To understand the potential ecological consequences of greater winter outflows, this project will undertake a review of the current literature related to winter drawdown effects on lake and river ecosystems associated with hydroelectric dam operations. In addition, using existing bathymetry and high resolution imagery generated from Unmanned Aerial Vehicle (UAV) surveys, the project will conduct a sensitivity-based analysis of winter drawn down scenarios on Lake St. Lawrence by simulating water levels in a Geographic Information System (GIS).
Shore Protection Structure Condition Assessment following 2017 High Water Levels on Lake Ontario
High water levels throughout the Lake Ontario-St. Lawrence River system in 2017 impacted several residential shoreline communities, stakeholders, and businesses. Media outlets reported property owners experienced flooding, erosion and damage to their shore protection structures due to water level and wave conditions. This project will re-visit the properties that were surveyed by Quinte and Lower Trent Conservation Authorities (2009-2012), New York State Department of Environmental Conservation (2011) or United States Army Core of Engineers (2015) as part of the model validation efforts following the 2006 International Lake Ontario - St. Lawrence River Study to assess the condition, design characteristics, and expected performance of shore protection structures were consistent with inputs to the FEPS model.

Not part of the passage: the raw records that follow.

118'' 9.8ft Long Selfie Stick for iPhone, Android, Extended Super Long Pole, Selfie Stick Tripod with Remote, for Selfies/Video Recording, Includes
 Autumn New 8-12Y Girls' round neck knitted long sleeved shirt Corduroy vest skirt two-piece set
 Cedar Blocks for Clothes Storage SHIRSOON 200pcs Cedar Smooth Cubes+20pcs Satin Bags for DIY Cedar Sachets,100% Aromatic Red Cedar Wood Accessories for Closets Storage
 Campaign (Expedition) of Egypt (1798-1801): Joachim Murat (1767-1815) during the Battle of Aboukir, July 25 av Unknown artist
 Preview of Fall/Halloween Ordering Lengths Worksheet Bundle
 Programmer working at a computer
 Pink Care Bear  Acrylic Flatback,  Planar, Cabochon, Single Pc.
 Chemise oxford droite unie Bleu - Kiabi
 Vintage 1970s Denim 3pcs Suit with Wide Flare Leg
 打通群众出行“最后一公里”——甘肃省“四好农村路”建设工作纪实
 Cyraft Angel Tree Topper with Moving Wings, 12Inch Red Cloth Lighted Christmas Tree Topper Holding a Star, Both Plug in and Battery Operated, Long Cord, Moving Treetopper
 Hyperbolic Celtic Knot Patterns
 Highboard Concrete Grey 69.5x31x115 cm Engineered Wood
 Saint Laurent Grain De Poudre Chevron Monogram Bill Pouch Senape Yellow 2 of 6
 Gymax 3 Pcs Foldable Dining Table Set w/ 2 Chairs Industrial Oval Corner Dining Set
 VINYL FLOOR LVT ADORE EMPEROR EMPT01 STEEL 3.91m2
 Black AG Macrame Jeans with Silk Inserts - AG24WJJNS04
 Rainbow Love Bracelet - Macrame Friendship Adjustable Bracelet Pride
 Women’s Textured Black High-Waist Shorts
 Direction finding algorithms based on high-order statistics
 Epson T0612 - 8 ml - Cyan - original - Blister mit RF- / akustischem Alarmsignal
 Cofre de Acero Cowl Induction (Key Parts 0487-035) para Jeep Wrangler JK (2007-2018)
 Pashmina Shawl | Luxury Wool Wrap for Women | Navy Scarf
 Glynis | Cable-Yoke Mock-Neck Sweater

This effort shall concentrate on the Lake Ontario shoreline, and not include any structures on the St. Lawrence River. Future efforts shall consider impacts to shore protection structures in other parts of the system. The information will be summarized and analyzed to support the GLAM Committee’s annual reporting to the Lake Ontario-St. Lawrence River Board, and to support performance indicator review and model validation efforts.
2019 Monitoring of Lake Ontario coastal wetland habitat in support of adaptive management
This project will result in detailed vegetation community data referenced to elevation and seasonal water levels in 16 Lake Ontario coastal wetlands. These data can be used for adaptive management monitoring and integrated into wetland vegetation community modelling (i.e., refine Integrated Ecosystem Response Model inputs and validate outputs) in Lake Ontario following implementation of Plan 2014. This is a continuation of ongoing GLAM efforts to collect data to support model validation.